Jako przedsiębiorca, mężczyzna ma stały dostęp do Krajowego Rejestru Długów. Dlatego szybko dowiedział się, że ktoś wziął na niego pożyczkę. Wkrótce rozdzwoniły się także telefony od firm windykacyjnych.

Zaczęło się wyjaśnianie sprawy. Pan Wojciech złożył reklamację w firmach pożyczkowych oraz doniesienie na policję, ale nic to nie dało. Dalej widniał w Krajowym Rejestrze Długów.

- PESEL wyskoczy, jak ktoś reprezentuje spółkę i wpisze się w KRS. Brałem leasing na samochód, byłem w 4 salonach. Żeby dostać ofertę, trzeba podać PESEL, więc to nie są dane aż tak wrażliwe i nie da się ich chronić - mówi pan Wojciech.

Postanowiliśmy odwiedzić firmy pożyczkowe. Przedstawiciele firm nie chcieli wypowiadać się przed kamerą. Przesłałali swoje stanowisko mailem.

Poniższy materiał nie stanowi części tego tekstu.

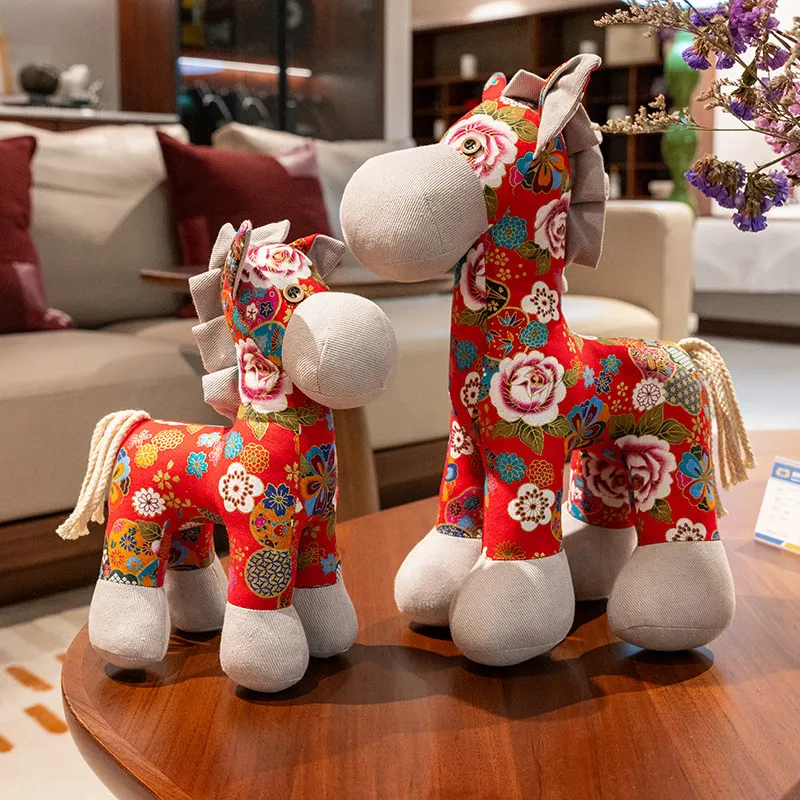 Nuevos y delicados juguetes de peluche de poni con bordado de flores, muñeco de caballo de mascota de pie, regalo de Año Nuevo 2026 para familiares y amigos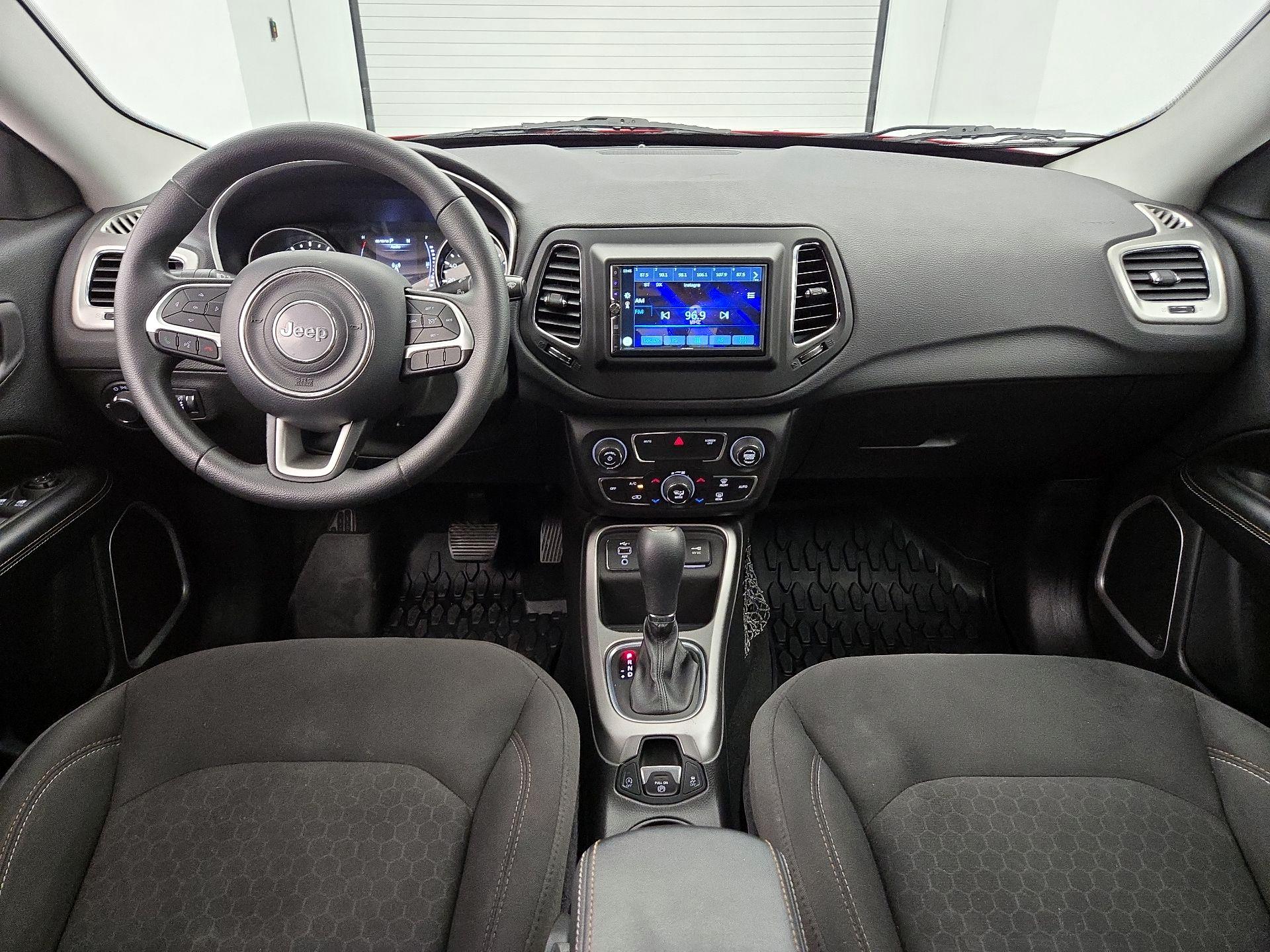 Thumbnail: 2020 Jeep Compass - 9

"(...) Oznacza to, że jeżeli rzeczywiście pożyczka nie została zaciągnięta  przez Pana Wojciecha Czaję, lecz przez inną osobę, bez zgody i wiedzy Pana Wojciecha Czaja, to ta osoba trzecia musiała założyć rachunek bankowy w banku na jego imię i nazwisko, gdyż inaczej poprawna identyfikacja w oparciu o przelew identyfikacyjny nie byłaby możliwa".

 

"Dodatkowo, w celu weryfikacji telefonu komórkowego klienta, na wskazany przez klienta numer telefonu komórkowego, został wysłany SMS z kodem, który należało uzupełnić na stronie internetowej spółki".

- Jeżeli ktoś udostępni komuś swój rachunek bankowy albo pozwoli komuś w swoim imieniu swój rachunek założyć, to wtedy firmy pożyczkowe są bezbronne - mówi Jarosław Ryba ze Związku Firm Pożyczkowych.
Reporter: Ale ten pan nikomu nie udostępnił rachunku. Czy ta weryfikacja była w tym przypadku odpowiednia, bo wydaje się, że nie?
Jarosław Ryba: Pytanie, skąd został wykonany przelew weryfikacyjny do aplikacji o pożyczkę.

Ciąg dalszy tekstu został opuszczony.